Shale showed a curious smile. “I don’t believe the good spirits would play such a cruel trick at such a time of need.”
“How can you be so confident?”
Shale’s smile widened as she placed her hand against Kahlan’s belly. “Because I can feel it in them.”
Kahlan’s eyes widened. “You can say for sure that they are gifted? Both of them?”
Shale nodded with conviction. “I can.”
Kahlan looked away again, out into the darkness. While that was what their world needed in the long term, it only made the immediate situation far worse.
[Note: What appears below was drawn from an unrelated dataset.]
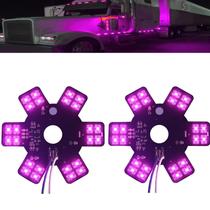 Luz LED de filtro de ar BOLANTON para Peterbilt, Kenworth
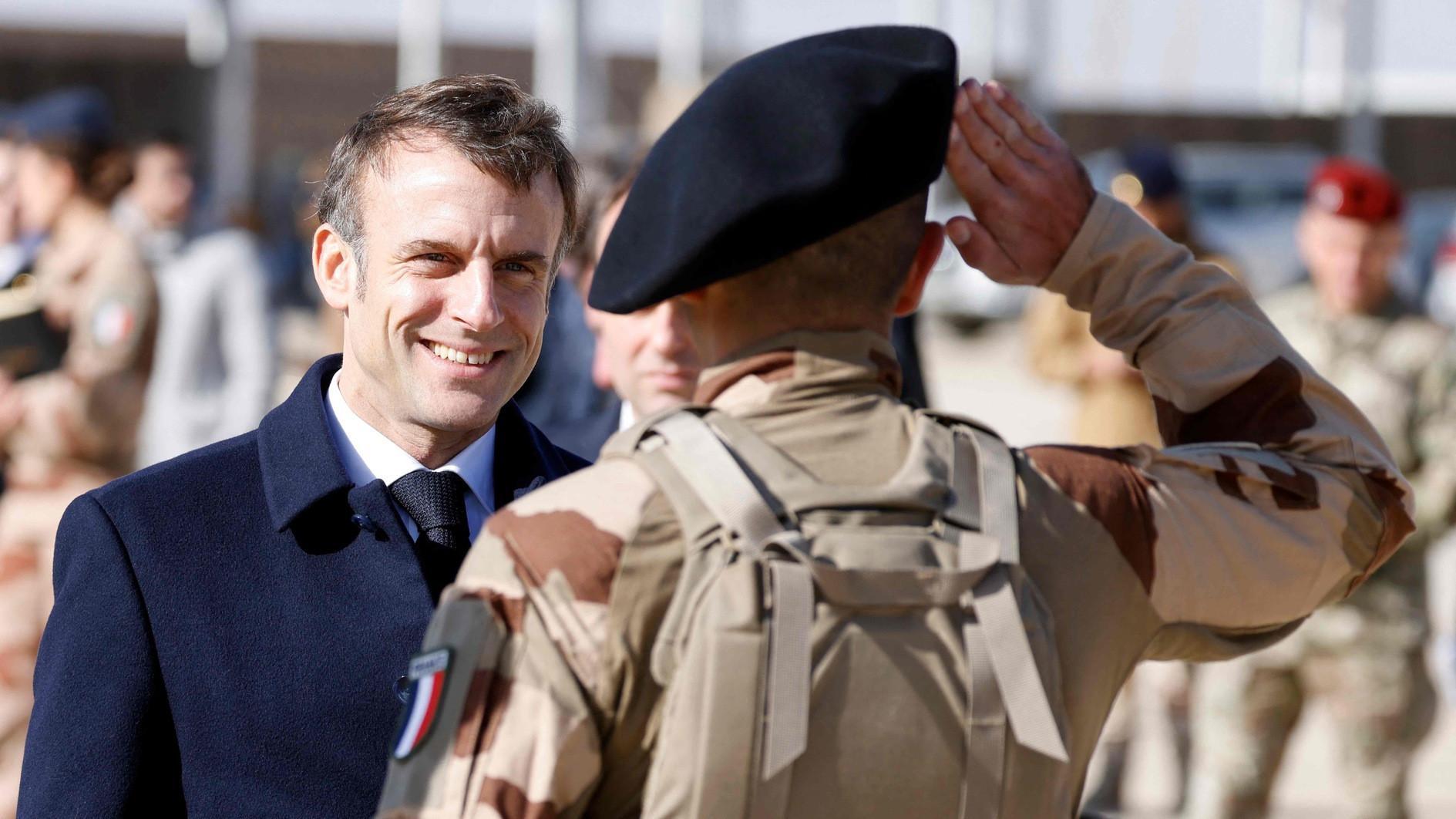 Macron asks Netanyahu for lasting ceasefire in Gaza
The Golden Goddess would be able to see their magic. She called Richard the shiny man because she could see his magic shining in him. These two unborn children of D’Hara would draw that evil to them.
For all she knew, the goddess could sense that magic growing in Kahlan’s womb at that very moment and could very well already be coming to kill her. It occurred to her that the goddess had already sent her kind to kill Kahlan and these unborn children. Kahlan had barely escaped alive. The goddess would send others to finish the job.